Editorial: Making mobile workers secure
- 27 August, 2008 16:36
The biggest mobility story in Australia this year was arguably the launch of Apple’s iPhone 3G locally. This device has been labelled the “Jesus phone” and it’s not hard to see why – its combination of mobile telephony, Internet capability, ease-of-use and trendy Apple design have won over all types of users.
But rapid take-up of this device, along with the clones that will follow it, is fraught with challenges: Most notably, securing them. As users start to adopt more Internet-enabled devices like iPhones, Blackberrys and ultramobile PCs, and begin using them for work-related purposes and corporate applications, they’re also introducing a whole new batch of security challenges for administrators.
ARN’s Security Guide takes an in-depth look at the top 7 mobile security threats facing users and organisations today from the proliferation of mobile Internet devices, or MIDs. The list includes plenty of the more traditional security nasties affecting wired networks and attached clients that we’ve learnt to despise: Viruses, malware, spyware and other Web exploits.
There’s also some new stuff thrown that your customers may not have extended their thinking to yet, such as legal discovery and reporting requirements, snoopware, device theft and reputation damage.

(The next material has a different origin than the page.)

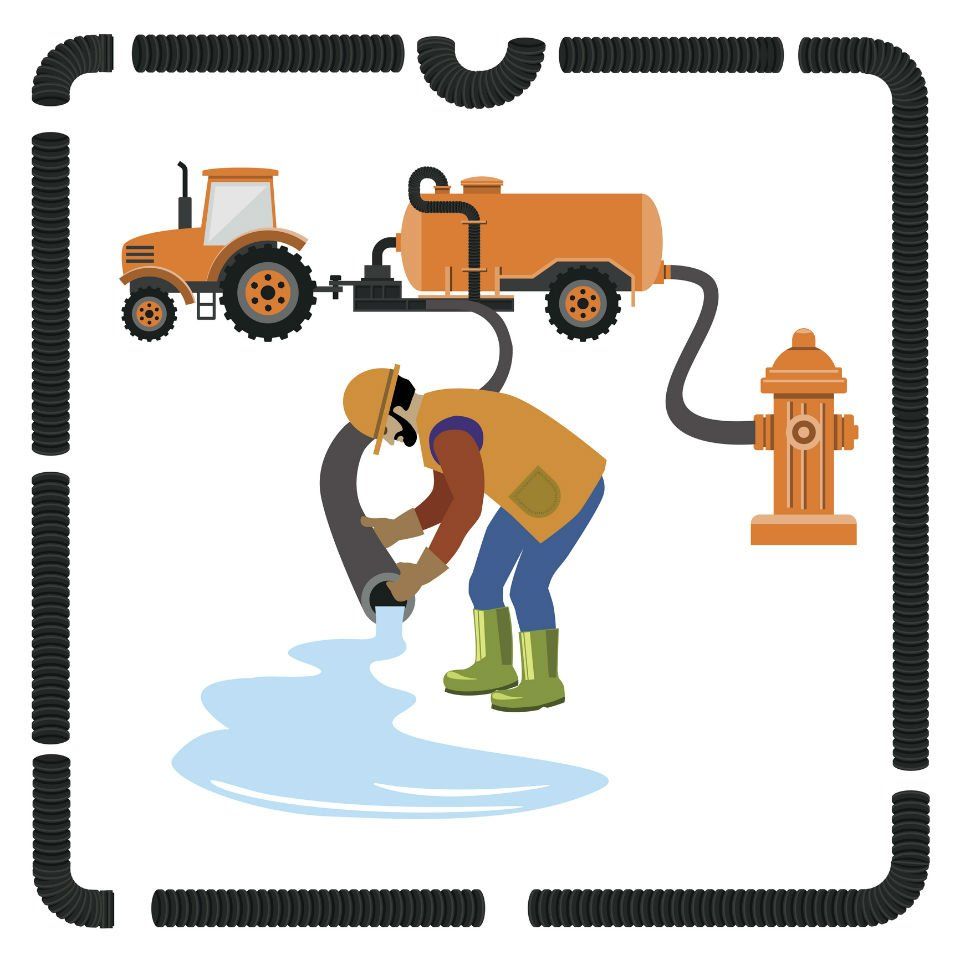 riproduzione grafica di spurgo di pozzi neri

As most mobile workers will need to connect to the corporate network at some time, there is also a need for organisations to ensure network intrusion prevention technologies extend right to the perimeter.
Bu t regardless of the type of threat, all vendors stress the need for urgency in security practices and processes. As the amount of threats grow exponentially, and as more mobile clients are brought into the network, channel partners need to be vigilant in ensuring customers keep their security policies up to date and avoid being vulnerable in future.

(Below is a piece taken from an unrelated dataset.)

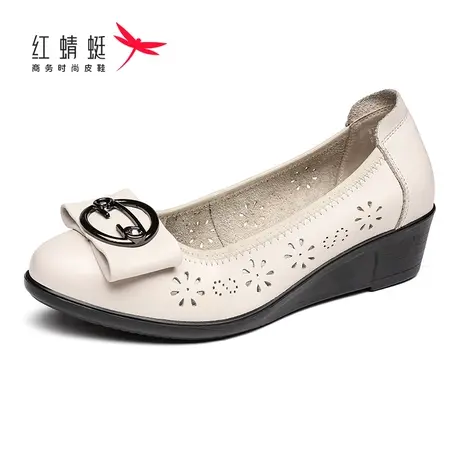 红蜻蜓女鞋春夏季镂空牛皮休闲低跟软皮软底防滑妈妈鞋套脚女凉鞋商品大图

As well as a look from above, we’ve included a case study of one South Australian organisation looking to go mobile but battling with bandwidth limitations from too much spam. By cutting the number of dodgy emails getting through the gateway, Zoos SA was able to dedicate more time to developing mobility tools allowing staff to manage information while on the go.
Readers will also find security software and hardware products from a raft of vendors in the latter part of the guide.